Deb was excited by the classic Sgt. Fury comics Joe had near the front. Joe and DL employee Jessica are in the background
We spent some time discussing what of the old bins and racks we would need to move over to the new Comic Book Lounge location (at 587A College) and looking over the remaining graphic novel stock to see what we could use in the new store.
Over the next few days, the staff will be emptying out the remaining bins of old magazines and paper nostalgia, prepping them all for the move to Kitchener. They’ll be clearing out the bookshelves and packing them up to go to Kitchener or to the Lounge. Member files not picked up will be moved over to the Lounge as well.Everything has to be out by this Sunday.

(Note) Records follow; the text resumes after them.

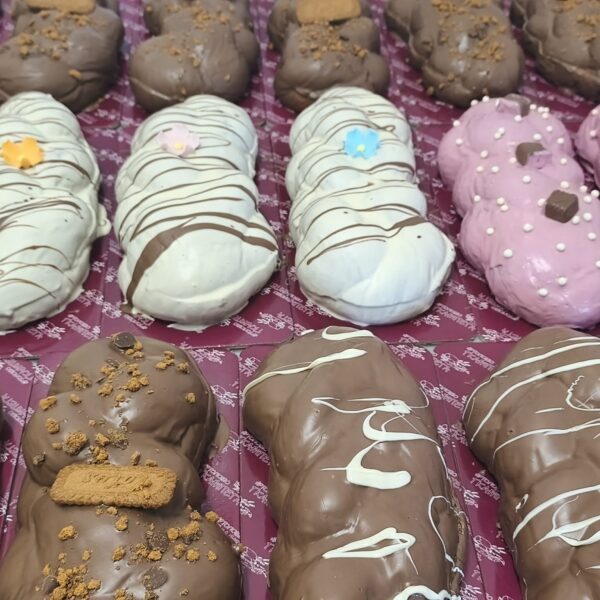 Για παραδοσιακά πασχαλινά γλυκίσματα στο αρτοποιείο Στ. Γκαμπέτα στον Αμπελώνα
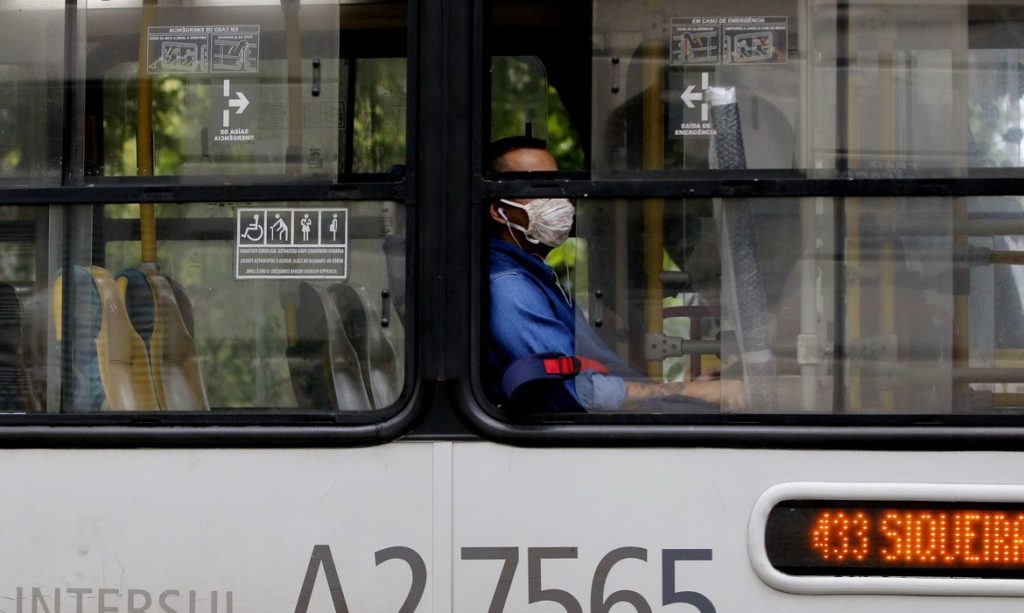 Transporte de funcionários de empresas e indústrias estão permitidos desde que a atividade esteja autorizada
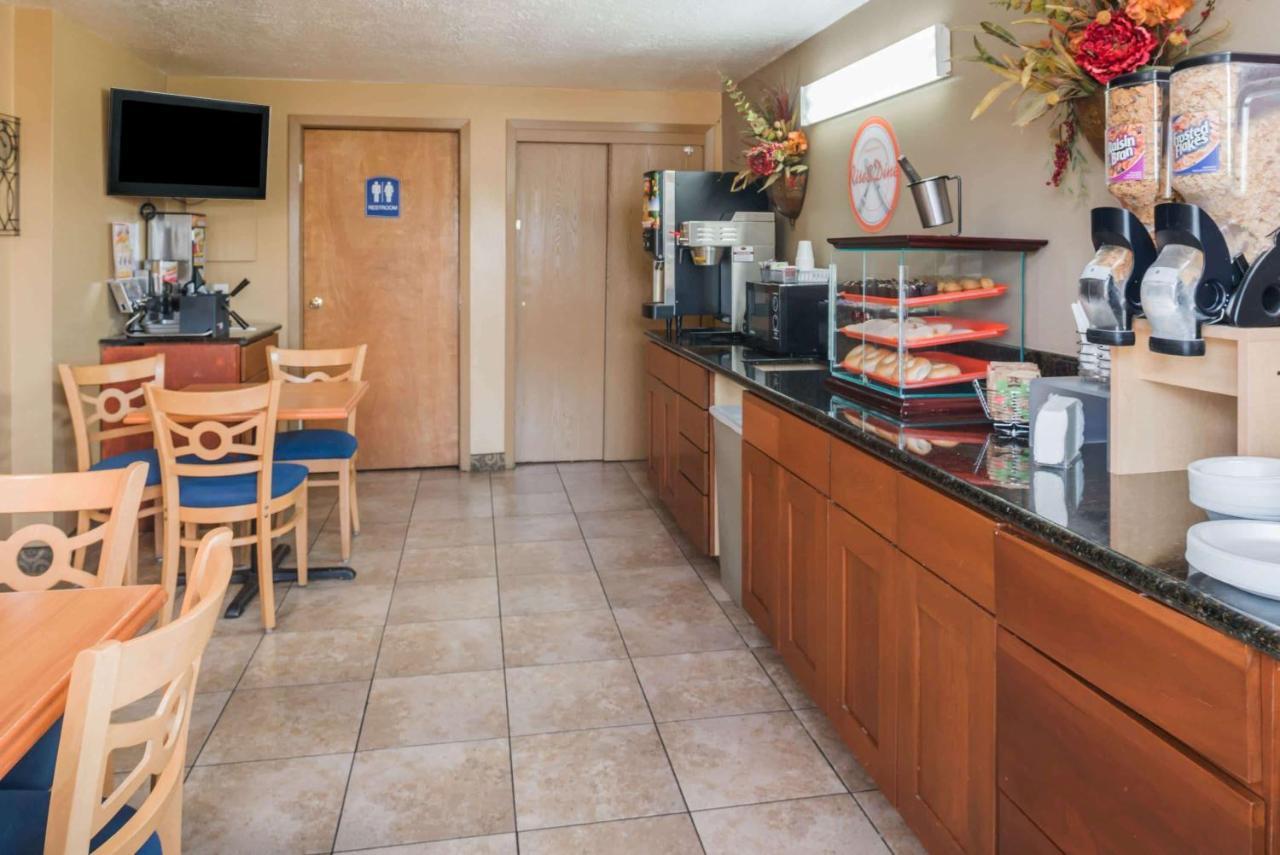 Howard Johnson By Wyndham Boise Esterno foto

At the end of the day, after Joe had locked the door, a man and his son were peering in through the door and wondering why the window was covered in newspapers. After we told him what was going on he said “I remember when this store opened up here on College… I stopped buying comics long ago, but this is my son and he would have been born shortly after you had opened here (his son looked about 14 or 15), but I’m trying to get him interested in comics, so this is disappointing we can’t go here anymore. We always talk about Superman when we pass by your window.” (The DL window had a Superman standee in the window). When we told him that the new store would be opening up next week, right next to the Mad Italian restaurant, you could see his son was getting excited. “We’ll be by to check it out next Friday when we’re here for dinner”. “Can I bring one of my buddies?” his son asked, “he’s also into comics.
And so it goes… as one door closes, another is about to open.
Deb and Joe after locking up the store. The end of an era.